New Minor League Stadium for Downtown Fresno?
The Fresno Republican Newspaper - Stadium Archives
March 11, 1998

You can't run a city hall of the future
without confronting the ghosts of its past.

Howard Hobbs, Daily Republican Contributing Editor

     FRESNO, CA - If you become interested in urban redevelopment, the place to be, is Fresno, or even Berlin, Germany. That's where local government redevelopment is a growth industry and people in local government can't seem to de-fuse their bunker mentality.
     To walk through the heart of Fresno's once-and-future All-American City is to come upon devastation and chaos played out on an enormous and historically compelling public stage.
     The man behind the curtain had extensive influence in both Fresno and in Berlin. He was former Fresno State professor Karl Falk. He began compiling his own ideas of urban redevelopment while Falk, of German-American citizenship, was working for Adolph Hitler in the Berlin Reichsministry of Propaganda and Re-Education for the years between 1933 and 1938.
     Falk's imagination was given a free-hand in the late 1950's when he manipulated an appointment for himself to head a Fresno City & County planning board which was empowered by eminent-domain authority. Falk had a vision of knocking-down Fresno's traditional commercial downtown area and redeveloping it through the aegis of his First Federal Savings & Loan Association. He would have a stake in it.
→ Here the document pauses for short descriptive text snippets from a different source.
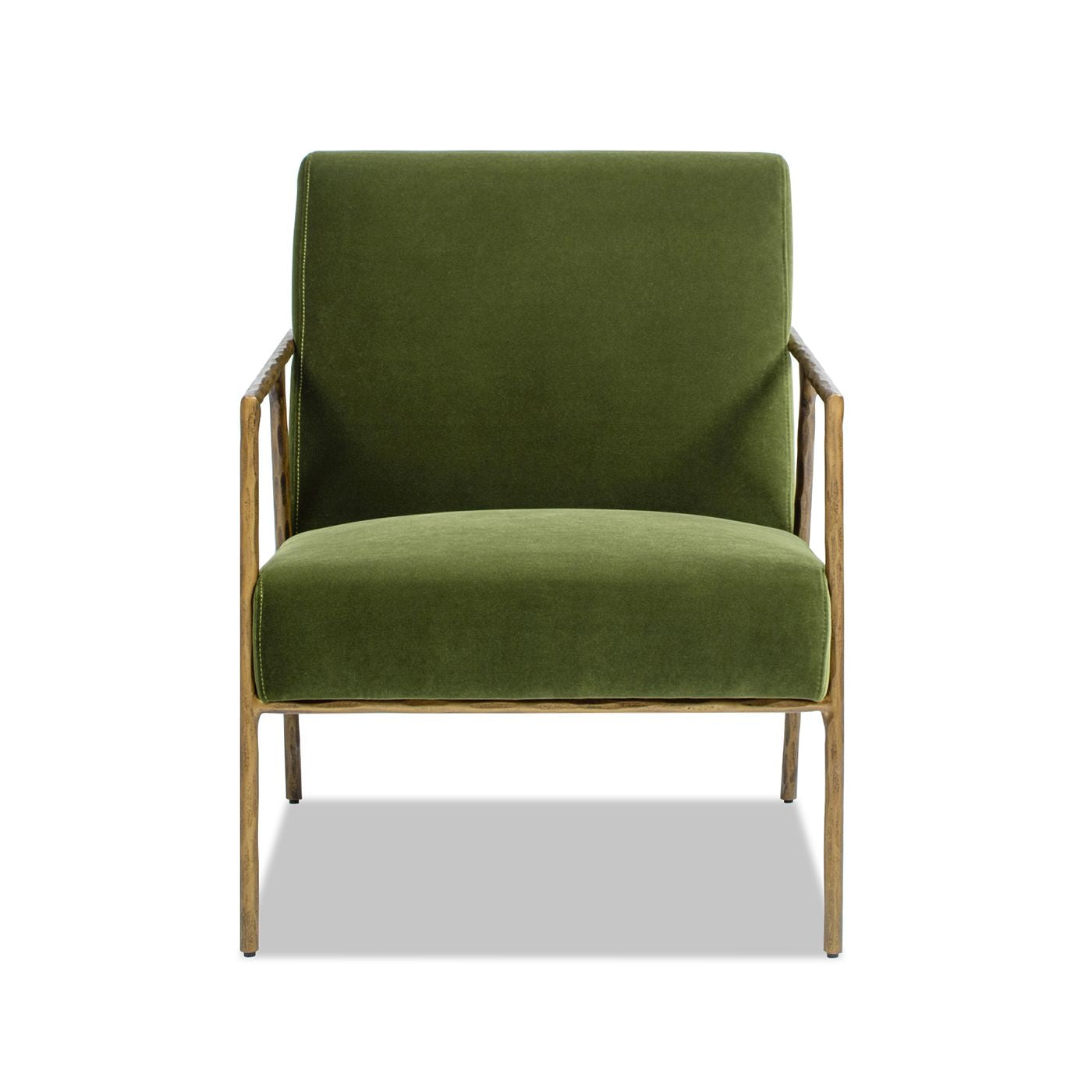 Aerin 24.5" Hammered Brass Performance Velvet Accent Arm Chair - Olive Green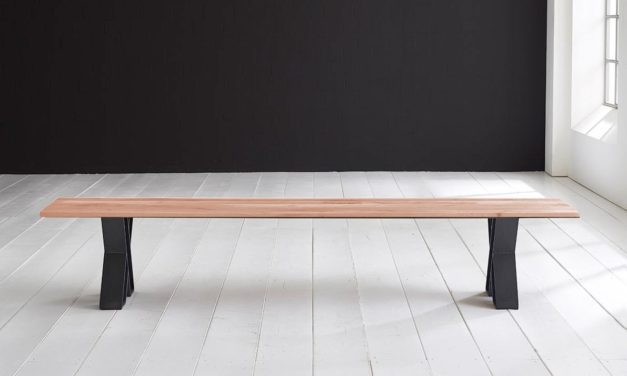 Concept 4 You Spisebordsbænk – X-ben 260 x 40 cm 3 cm 03 = white wash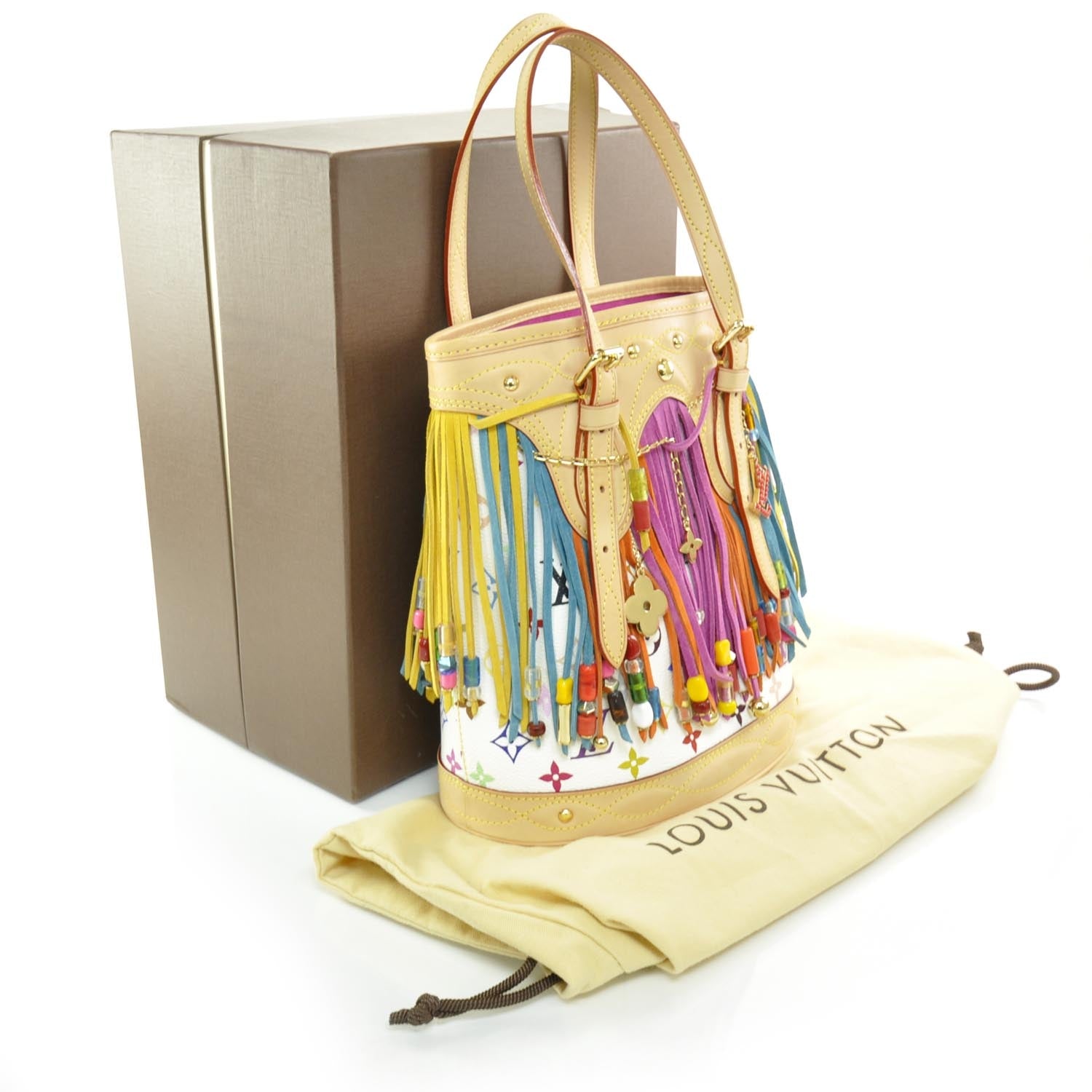 Louis Vuitton Monogram Multicolor Fringe Bucket White 3 of 9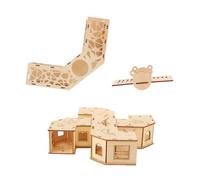 CORHAD Juguetes Túnel para Hámster Laberinto Seguro con Balancín Ejercicio Interactivo para Mascotas Pequeñas Resistente y Natural Mantiene y Saludable Tu Hámster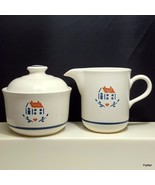 Market Square House Creamer and Covered Sugar Bowl Cream Stoneware w Blu... - £21.03 GBP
He wore several hats in the process, including that of financier who obtained federal financing of the Fresno redevelopment and housing relocations projects.
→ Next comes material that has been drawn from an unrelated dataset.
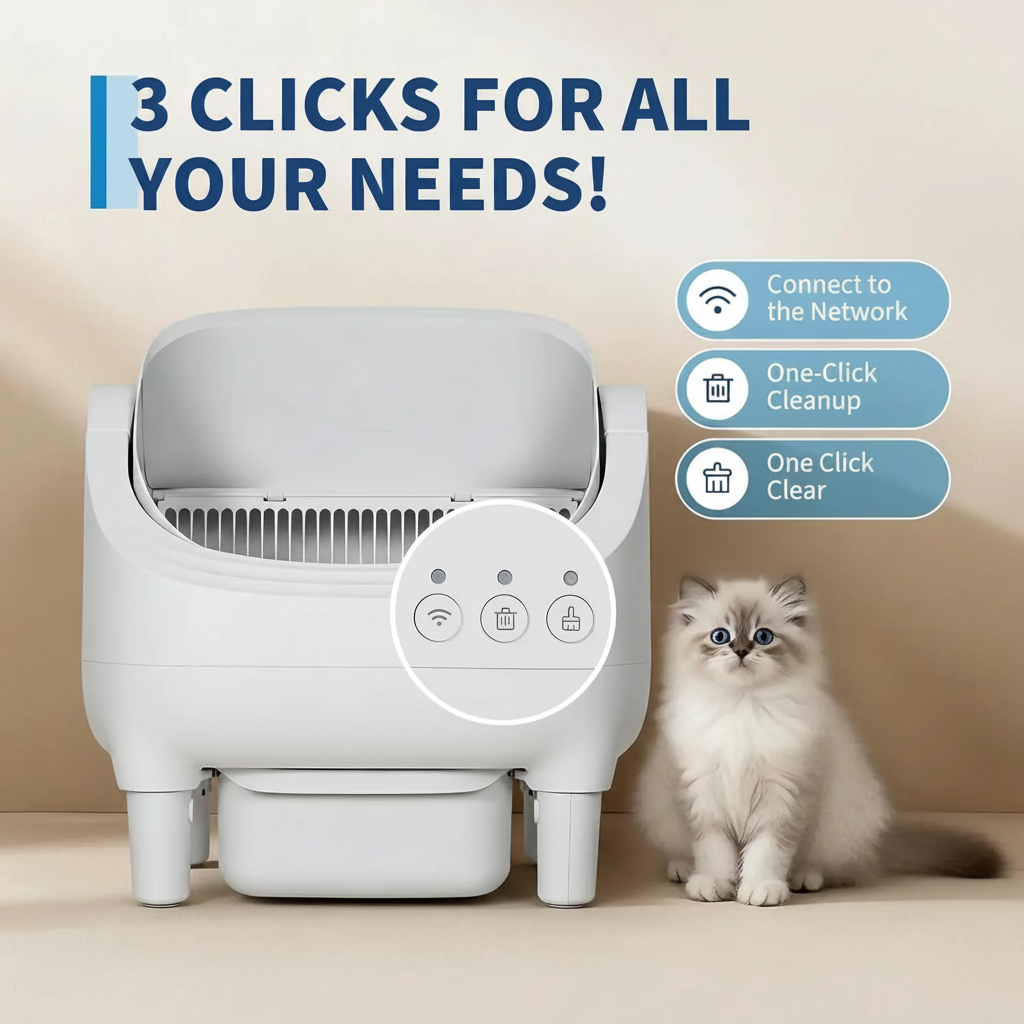 Litière Autonettoyante Connectée pour Chats 10,5L Wi‑Fi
     What he saw in his mind was Fulton and Mariposa streets removed and the space where the streets were as a parkland with rolling hillocks, small streamlets, heroic stone sculpture, and a public address system over which public announcements and martial music could be played to public crowds. All this would extend southerly for a half-mile from the front of Karl Falk's First Federal Savings and Loan at Fulton & Tuolumne streets.
     Soon, Fulton & Mariposa streets, the vibrant nerve-center of Fresno commerce since 1880, was plowed into piles of irreducible rubble. After that, every viable business fled from downtown Fresno to suburban malls. The Fulton-Mall was allowed to sink slowly into decay, abandoned at night except for the homeless sleeping in its alleyways amid the ruined splendor of mall sculpture spray-painted with the grafitto suckit.
     In the daylight, today, Fresno's night people flee the onslaught of thousands of government employees who rush into reconverted office spaces for government expansion. Government workers ultimately crowd the void of what was once busy commercial zone buildings. Commercial warehouses have converted into a hundred square miles of storage for active Fresno County welfare cases.
     In its best and brightest days, Fresno's economic power was recognized as emanating from a large contingent of competitive private industry with a small government enclave. Faith in shrewd private sector business was so strong then, that a steel archway was placed over downtown's Van Ness Avenue on which it proclaimed Fresno "The Best Little City in the U.S.A."
     That was understood as an unchallenged claim of economic pre-eminence, not the size or purchasing power of local government. In those days, it was considered an unpardonable sin to even bring-up the idea of a joint business venture with Fresno City Hall. A baseball stadium, even then, was not the appropriate purpose of local government public bonding power.
     In a September 1963 Savings & Loan News, Falk's by-line credits him as a housing-urban renewal expert, chairman of the Fresno City Housing Authority, chairman of California Governor's Advisory Commission on Housing Problems, and immediate past president of the National Association of Housing and Redevelopment Officials. Falk made a startling admission in the story. He wrote '...Savings and loan associations have a large stake in revitalizing their communities...for...broadening investment opportunity...the economic functions of the central city are changing rapidly...cultural activities, recreation and a desire to remain in the central city when the environment is congenial.'
     The ghostly arch still stands at Van Ness and Railroad Avenues in muted silence awaiting the restoration of its abandoned pledge.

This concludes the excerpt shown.